You are viewing a plain text version of this content. The canonical link for it is here.
Posted to user@nutch.apache.org by Sebastian Schick <sc...@informatik.uni-rostock.de> on 2007/09/25 16:47:55 UTC

Re: Last-modified / creation date or time

Hello,

we have the same problem. Accidentally I created a new thread 
http://www.nabble.com/problem-with-MoreIndexingFilter-tf4515835.html#a12880357
here .
Are there already any solutions? 

Regards,

Sebastian


chris sleeman wrote:
> 
> Hi,
> 
> Can anyone tell me how to get the last-modified or the creation time of a
> page, crawled and indexed by nutch?
> I tried using the Metadata.LAST_MODIFIED field but it returned me null. I
> need them while displaying my search results.
> 
> Would appreciate any pointers on this.
> 
> Regards,
> Chris
> 
> 

-- 
View this message in context: http://www.nabble.com/Last-modified---creation-date-or-time-tf3704140.html#a12881175
Sent from the Nutch - User mailing list archive at Nabble.com.

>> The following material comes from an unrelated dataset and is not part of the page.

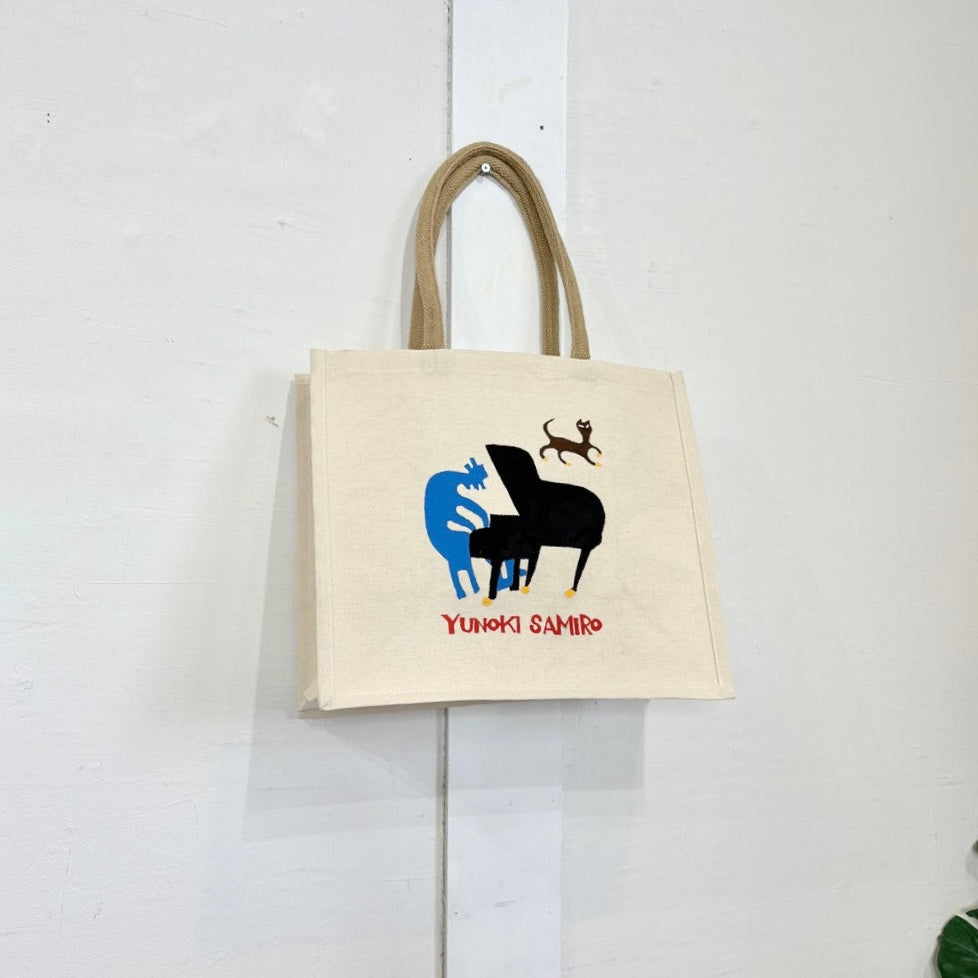 柚木沙弥郎 型染め バッグ 黒猫とネズミ かばん 未使用 トートバッグ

Re: Last-modified / creation date or time

Posted by Sebastian Schick <sc...@informatik.uni-rostock.de>.
Thanks for the fast reply.
I think the "Date" field is not what I mean.
I tried to get it in MoreIndexingFilter.java and get a date but this is the
fetching date and not the http-equiv="Last-Modified" html meta tag in the
HTML files. 
So my question is, why is this wrong?

    String lastModified = data.getMeta(Metadata.LAST_MODIFIED);
	if (lastModified != null) {                   // try parse last-modified
      time = getTime(lastModified,url);           // use as time
                                                  // store as string
      doc.add(new Field("lastModified", new Long(time).toString(),
Field.Store.YES, Field.Index.NO));
    }

I do not understand, why lastModified is null. Because as mentioned before,
in my other thread the last-modified tag is pared correctly!


Regards,

Sebastian


Susam Pal wrote:
> 
> I tried this code:-
> 
>   System.out.println(metaData);
>   String[] names = metaData.names();
>   for (int i = 0; i < names.length; i++) {
>     System.out.println(names[i] + ": " + metaData.get(names[i]));
>   }
> 
> I got this:-
> 
> nutch.content.digest=96f6d3d267d955728fc98b820fc72c32 Date=Tue, 25 Sep
> 2007 15:53:40 GMT Content-Length=73 nutch.crawl.score=1.0
> nutch.segment.name=20070925212336 Content-Type=text/html;
> charset=UTF-8 Server=Apache/2.2.3 (Debian) PHP/5.2.0-8+etch7
> X-Powered-By=PHP/5.2.0-8+etch7 _ftk_=1190735620303
> nutch.content.digest: 96f6d3d267d955728fc98b820fc72c32
> Date: Tue, 25 Sep 2007 15:53:40 GMT
> Content-Length: 73
> nutch.crawl.score: 1.0
> nutch.segment.name: 20070925212336
> Content-Type: text/html; charset=UTF-8
> Server: Apache/2.2.3 (Debian) PHP/5.2.0-8+etch7
> X-Powered-By: PHP/5.2.0-8+etch7
> _ftk_: 1190735620303
> 
> So, metaData.get("Date") is one good solution.
> 
> I wonder why the date is stored against "Date" whereas DublinCore
> interface (which Metadata implements) defines DATE as:-
> 
> public static final String DATE = "date";
> 
> Regards,
> Susam Pal
> http://susam.in/
> 
> On 9/25/07, Sebastian Schick <sc...@informatik.uni-rostock.de> wrote:
>>
>> Hello,
>>
>> we have the same problem. Accidentally I created a new thread
>> http://www.nabble.com/problem-with-MoreIndexingFilter-tf4515835.html#a12880357
>> here .
>> Are there already any solutions?
>>
>> Regards,
>>
>> Sebastian
>>
>>
>> chris sleeman wrote:
>> >
>> > Hi,
>> >
>> > Can anyone tell me how to get the last-modified or the creation time of
>> a
>> > page, crawled and indexed by nutch?
>> > I tried using the Metadata.LAST_MODIFIED field but it returned me null.
>> I
>> > need them while displaying my search results.
>> >
>> > Would appreciate any pointers on this.
>> >
>> > Regards,
>> > Chris
>> >
>> >
>>
>> --
>> View this message in context:
>> http://www.nabble.com/Last-modified---creation-date-or-time-tf3704140.html#a12881175
>> Sent from the Nutch - User mailing list archive at Nabble.com.
>>
>>
> 
> 

-- 
View this message in context: http://www.nabble.com/Last-modified---creation-date-or-time-tf3704140.html#a12885644
Sent from the Nutch - User mailing list archive at Nabble.com.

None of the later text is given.